Required work: One number alone answers this: the count of lines below in which the word "Small" is found.

Segment Start: Provided data

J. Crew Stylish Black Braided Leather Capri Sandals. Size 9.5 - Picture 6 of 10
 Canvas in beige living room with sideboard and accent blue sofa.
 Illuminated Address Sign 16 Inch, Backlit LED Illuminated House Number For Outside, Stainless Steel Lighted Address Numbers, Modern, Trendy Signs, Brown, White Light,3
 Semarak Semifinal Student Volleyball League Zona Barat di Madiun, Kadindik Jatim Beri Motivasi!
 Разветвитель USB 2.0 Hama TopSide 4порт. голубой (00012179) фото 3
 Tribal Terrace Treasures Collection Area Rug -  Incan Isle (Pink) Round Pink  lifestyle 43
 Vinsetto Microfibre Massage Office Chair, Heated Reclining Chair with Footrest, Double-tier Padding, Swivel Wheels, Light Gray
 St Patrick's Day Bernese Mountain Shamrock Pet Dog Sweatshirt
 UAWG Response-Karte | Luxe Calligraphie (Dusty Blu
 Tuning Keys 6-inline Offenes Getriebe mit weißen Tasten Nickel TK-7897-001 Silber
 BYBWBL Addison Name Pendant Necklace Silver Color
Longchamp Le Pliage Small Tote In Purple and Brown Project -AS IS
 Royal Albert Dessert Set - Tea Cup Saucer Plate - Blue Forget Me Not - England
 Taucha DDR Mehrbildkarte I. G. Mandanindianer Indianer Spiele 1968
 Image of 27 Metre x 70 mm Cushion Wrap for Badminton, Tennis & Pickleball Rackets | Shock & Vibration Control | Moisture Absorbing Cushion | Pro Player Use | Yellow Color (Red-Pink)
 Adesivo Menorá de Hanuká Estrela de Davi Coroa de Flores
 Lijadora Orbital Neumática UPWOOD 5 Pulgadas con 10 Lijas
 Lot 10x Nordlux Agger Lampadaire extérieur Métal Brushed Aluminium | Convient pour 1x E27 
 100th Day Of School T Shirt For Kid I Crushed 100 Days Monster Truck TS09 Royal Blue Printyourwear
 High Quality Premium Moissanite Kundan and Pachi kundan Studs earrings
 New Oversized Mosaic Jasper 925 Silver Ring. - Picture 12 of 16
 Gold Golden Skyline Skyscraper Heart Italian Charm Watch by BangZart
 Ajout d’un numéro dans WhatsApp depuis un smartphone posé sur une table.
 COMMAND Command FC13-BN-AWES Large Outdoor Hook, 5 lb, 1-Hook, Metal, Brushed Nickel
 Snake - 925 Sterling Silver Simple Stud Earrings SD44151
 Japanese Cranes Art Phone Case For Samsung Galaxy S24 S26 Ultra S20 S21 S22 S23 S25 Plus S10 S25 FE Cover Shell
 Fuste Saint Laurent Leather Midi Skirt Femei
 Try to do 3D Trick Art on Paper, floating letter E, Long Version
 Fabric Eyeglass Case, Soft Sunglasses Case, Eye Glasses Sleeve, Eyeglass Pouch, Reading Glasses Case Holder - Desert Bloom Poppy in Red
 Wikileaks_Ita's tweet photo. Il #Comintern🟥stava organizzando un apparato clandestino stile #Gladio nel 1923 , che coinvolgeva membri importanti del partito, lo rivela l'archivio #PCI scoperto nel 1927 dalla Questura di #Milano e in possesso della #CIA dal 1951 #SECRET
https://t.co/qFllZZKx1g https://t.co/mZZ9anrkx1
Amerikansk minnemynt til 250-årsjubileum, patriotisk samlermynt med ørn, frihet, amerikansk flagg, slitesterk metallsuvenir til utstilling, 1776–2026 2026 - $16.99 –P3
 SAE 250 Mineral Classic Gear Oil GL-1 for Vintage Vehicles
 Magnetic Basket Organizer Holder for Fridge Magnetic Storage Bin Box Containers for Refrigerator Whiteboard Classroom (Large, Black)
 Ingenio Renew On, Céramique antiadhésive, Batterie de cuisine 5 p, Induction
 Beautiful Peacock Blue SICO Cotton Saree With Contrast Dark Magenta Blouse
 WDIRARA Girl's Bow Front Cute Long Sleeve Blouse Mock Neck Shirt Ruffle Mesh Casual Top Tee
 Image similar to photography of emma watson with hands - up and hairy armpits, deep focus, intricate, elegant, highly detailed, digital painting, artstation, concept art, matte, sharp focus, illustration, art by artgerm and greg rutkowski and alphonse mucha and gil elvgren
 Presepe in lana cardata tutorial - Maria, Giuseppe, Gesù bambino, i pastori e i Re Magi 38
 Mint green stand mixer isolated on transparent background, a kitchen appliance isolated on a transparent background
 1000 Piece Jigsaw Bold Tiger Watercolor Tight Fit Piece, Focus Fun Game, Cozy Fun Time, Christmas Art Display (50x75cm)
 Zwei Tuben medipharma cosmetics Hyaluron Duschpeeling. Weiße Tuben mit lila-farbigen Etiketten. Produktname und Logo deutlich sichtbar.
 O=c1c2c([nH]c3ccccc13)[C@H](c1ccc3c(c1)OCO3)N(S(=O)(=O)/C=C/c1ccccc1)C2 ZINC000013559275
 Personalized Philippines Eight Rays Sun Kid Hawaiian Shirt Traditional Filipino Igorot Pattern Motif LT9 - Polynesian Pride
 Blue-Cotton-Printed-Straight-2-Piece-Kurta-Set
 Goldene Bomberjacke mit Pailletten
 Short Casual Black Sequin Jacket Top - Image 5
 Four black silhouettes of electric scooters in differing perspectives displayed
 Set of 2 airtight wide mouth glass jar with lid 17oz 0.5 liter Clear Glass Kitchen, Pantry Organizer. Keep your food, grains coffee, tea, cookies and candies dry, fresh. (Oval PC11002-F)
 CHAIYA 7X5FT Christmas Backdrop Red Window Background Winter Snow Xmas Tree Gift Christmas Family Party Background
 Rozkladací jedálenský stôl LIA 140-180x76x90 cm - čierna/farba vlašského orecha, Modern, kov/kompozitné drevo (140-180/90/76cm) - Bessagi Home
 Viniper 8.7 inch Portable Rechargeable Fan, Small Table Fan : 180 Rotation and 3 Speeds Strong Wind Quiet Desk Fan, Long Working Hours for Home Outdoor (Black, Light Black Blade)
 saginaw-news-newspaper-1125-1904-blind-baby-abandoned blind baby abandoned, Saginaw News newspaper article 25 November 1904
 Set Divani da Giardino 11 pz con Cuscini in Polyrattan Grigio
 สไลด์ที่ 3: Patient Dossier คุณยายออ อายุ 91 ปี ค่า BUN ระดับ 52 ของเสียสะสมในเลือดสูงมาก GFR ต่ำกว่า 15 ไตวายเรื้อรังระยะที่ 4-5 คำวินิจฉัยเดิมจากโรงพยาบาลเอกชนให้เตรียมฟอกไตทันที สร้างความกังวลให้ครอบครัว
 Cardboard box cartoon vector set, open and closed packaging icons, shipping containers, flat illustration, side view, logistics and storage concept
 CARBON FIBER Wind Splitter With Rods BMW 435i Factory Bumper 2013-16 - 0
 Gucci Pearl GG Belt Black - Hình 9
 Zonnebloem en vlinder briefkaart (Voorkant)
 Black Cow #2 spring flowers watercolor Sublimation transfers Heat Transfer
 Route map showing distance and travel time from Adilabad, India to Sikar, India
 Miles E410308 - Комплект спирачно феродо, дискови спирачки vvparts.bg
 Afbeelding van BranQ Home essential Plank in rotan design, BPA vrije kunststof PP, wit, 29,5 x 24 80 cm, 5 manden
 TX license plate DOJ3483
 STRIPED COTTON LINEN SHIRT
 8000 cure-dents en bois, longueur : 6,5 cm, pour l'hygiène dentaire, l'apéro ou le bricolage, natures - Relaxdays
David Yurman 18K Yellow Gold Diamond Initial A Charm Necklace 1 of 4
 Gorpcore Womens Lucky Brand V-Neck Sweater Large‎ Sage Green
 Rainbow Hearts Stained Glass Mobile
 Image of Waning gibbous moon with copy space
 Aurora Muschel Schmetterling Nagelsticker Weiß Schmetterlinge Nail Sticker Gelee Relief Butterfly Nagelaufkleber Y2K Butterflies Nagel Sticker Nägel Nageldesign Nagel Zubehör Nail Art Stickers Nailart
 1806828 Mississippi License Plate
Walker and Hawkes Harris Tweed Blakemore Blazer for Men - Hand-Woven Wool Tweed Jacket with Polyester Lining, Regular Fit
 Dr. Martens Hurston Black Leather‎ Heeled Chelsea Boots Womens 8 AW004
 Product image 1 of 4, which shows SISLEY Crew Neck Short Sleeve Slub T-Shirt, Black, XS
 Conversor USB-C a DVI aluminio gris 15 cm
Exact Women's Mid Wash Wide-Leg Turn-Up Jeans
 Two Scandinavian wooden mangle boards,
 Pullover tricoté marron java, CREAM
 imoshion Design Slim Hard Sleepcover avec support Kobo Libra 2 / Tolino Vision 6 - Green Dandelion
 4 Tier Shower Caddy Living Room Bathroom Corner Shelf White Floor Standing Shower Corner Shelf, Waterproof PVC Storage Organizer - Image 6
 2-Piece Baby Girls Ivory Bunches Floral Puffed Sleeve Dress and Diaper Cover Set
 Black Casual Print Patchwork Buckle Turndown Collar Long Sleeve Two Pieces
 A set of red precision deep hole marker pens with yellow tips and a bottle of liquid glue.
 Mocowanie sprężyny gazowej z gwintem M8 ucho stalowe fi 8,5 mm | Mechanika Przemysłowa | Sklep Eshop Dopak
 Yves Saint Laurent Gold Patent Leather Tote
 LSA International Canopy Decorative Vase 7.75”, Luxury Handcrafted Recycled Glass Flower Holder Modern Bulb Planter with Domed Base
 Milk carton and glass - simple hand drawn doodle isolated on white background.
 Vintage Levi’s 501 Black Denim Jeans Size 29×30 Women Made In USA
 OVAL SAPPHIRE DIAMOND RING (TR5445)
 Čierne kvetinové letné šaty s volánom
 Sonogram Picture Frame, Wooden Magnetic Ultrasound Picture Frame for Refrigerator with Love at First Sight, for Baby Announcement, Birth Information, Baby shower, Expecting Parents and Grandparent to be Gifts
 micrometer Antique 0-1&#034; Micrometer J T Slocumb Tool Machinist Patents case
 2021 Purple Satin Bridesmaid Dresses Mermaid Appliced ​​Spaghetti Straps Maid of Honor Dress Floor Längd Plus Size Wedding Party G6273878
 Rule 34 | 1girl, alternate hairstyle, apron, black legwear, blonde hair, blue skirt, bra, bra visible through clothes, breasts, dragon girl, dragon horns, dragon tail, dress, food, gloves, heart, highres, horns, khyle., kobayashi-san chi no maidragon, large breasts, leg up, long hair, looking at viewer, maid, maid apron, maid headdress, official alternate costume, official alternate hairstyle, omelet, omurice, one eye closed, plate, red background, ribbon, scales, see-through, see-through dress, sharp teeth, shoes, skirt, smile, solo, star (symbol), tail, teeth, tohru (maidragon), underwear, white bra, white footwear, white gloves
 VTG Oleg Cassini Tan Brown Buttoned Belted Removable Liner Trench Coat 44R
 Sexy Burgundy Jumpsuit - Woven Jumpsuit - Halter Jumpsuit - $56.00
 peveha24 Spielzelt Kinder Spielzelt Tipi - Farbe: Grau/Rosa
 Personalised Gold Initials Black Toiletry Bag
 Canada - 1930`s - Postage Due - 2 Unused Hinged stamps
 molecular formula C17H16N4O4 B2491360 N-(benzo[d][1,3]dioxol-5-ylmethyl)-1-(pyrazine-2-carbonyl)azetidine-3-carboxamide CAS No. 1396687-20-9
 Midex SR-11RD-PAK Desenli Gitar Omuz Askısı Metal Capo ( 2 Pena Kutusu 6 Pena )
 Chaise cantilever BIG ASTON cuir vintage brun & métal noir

Segment End: Provided data

Reply: 2